Naicker also added that there has been “a lot of taxi violence in the area but we are still investigating who the perpetrators were.”
Taxi violence is reportedly common in the area, with rival groups constantly battling to secure the most “profitable routes.”
Just last week, Sanele Maseko, association deputy chairperson of the Nancefield Dube West Taxi Association (Nanduwe) was killed by an unknown assailant. According to BBC News, Maseko is said to “have no known enemies.”
In a statement addressing Maseko’s murder, Ralph Jones, the spokesperson for the South African National Taxi Council (Santaco), encouraged the differing taxi groups to sit down and talk, according to IOL.
“Differences that are happening out there cannot be resolved by a bullet. By shooting somebody you are depriving someone of a father and a husband. We are going to lose good people who are going to add value to the taxi industry. We are hoping that the police should do their work.”
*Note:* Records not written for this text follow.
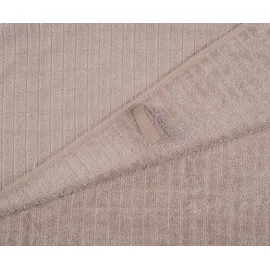 Gözze - Geschirrtuch-Set, 3-teilig, Mikrofaser-Poliertuch, 50 x 70 cm - Taupe
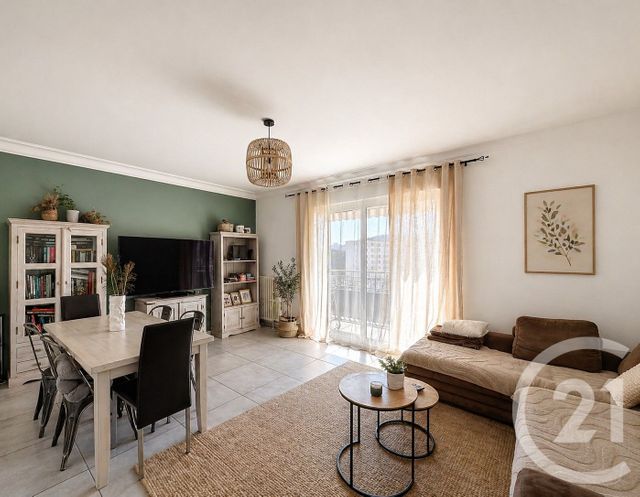 Appartement F4 à vendre - 4 pièces - 95.2 m2 - AJACCIO - 201 - CORSE - Century 21 Actif Immobilier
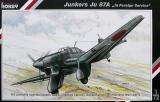 Junkers Ju87A in Foreign Service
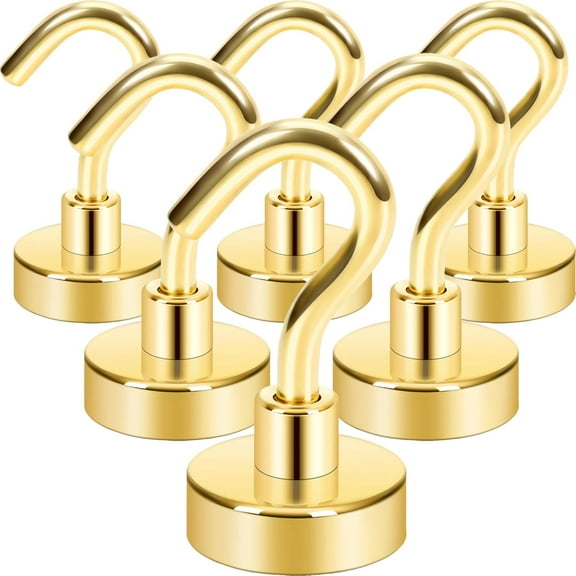 Magnetic hooks, home storage, essential items for cruise ships, heavy-duty magnetic hooks, used in cruise cabins, refrigerators, barbecue grills, hanging and travel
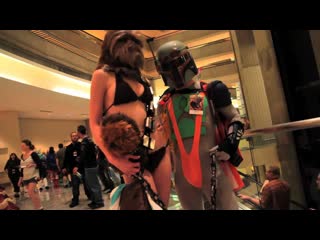 Dragon con 2012 (драгон кон 2012) epic cosplay (эпичный косплей)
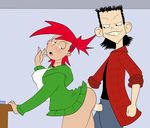  foster&#039;s_home_for_imaginary_friends frankie_foster masterman114 tagme terrence 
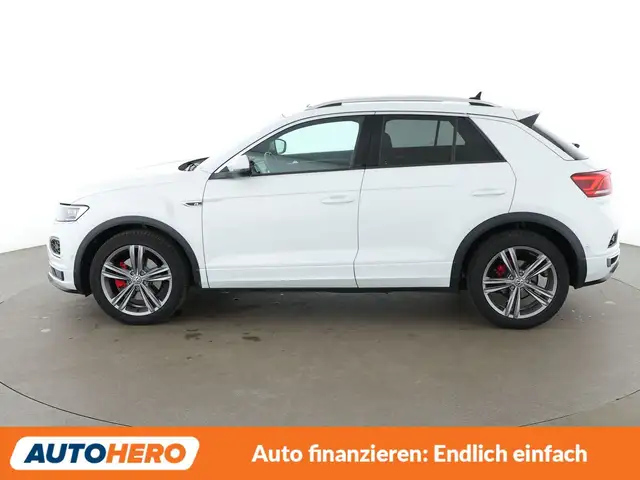 Volkswagen T-Roc view 3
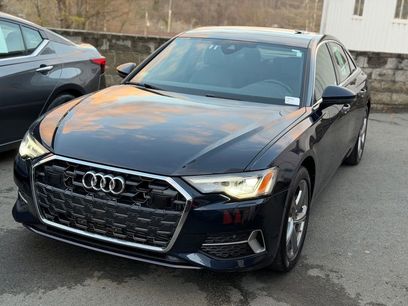 Used 2024 Audi A6 Premium Plus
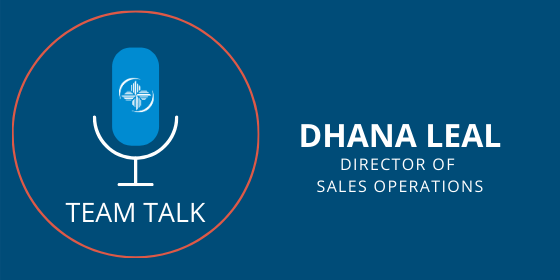 Team Talk - Dhana Leal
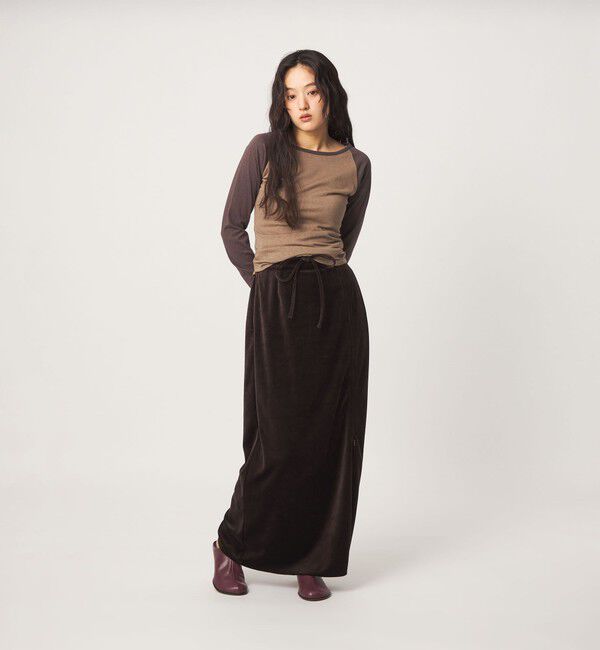 UNITED ARROWS green label relaxing「＜RUBAN＞オブリークトゥ ミュール」|その他|
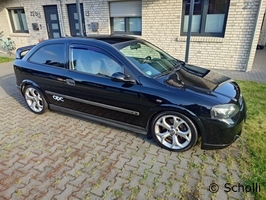 Astra G OPC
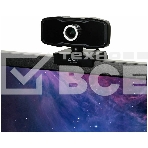 WEB Камера ACD-Vision UC500 CMOS 2МПикс, 1920x1080p, 30к/с, микрофон встр., USB 2.0, универс. крепление, черный корп. RTL {60}, фото3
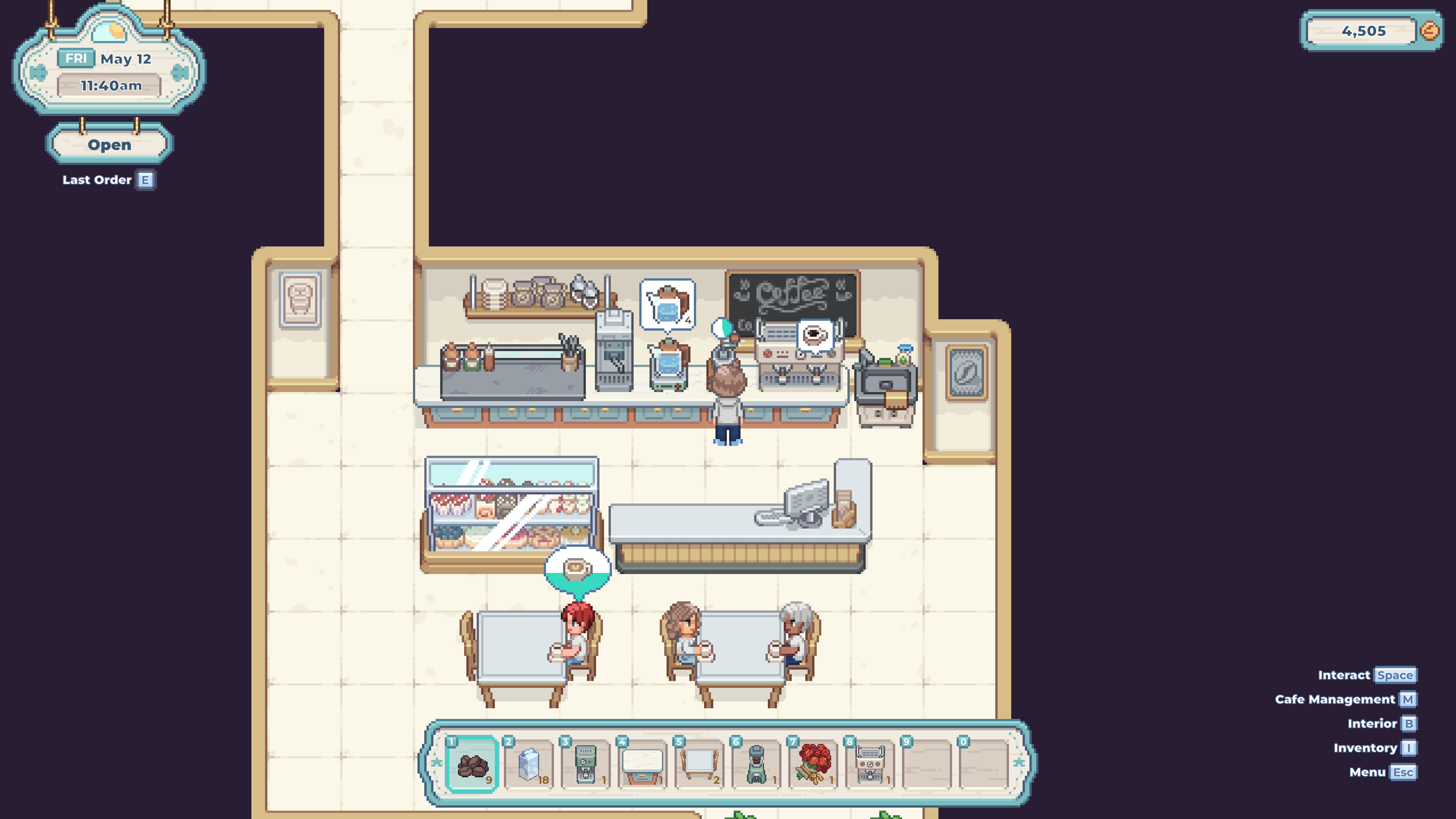 Everin Days screenshot 2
In Western Cape, another bout of taxi violence resulted in the deaths of nine people. Three others were critically injured, News24 reports.
Four taxi drivers were killed in April after tensions rose between Johannesburg Southern Suburbs Taxi Association and Bara City Taxi Owners Association, according to IOL.
The “taxi wars” as locals have come to call it have been raging for years, likely since the 1980s, as News24 reports. A September 2017 article reported that Soweto residents are constantly fearful of getting caught in the crossfire of rival taxi companies.
“The number of innocent people dying is increasing on a daily basis due to the war and now people in Soweto are concerned,” said a local resident. Many are forgoing riding in taxis until the local government and police officials can guarantee safety.
The amount of violence committed by these rival taxi companies has escalated in the last few years, police report.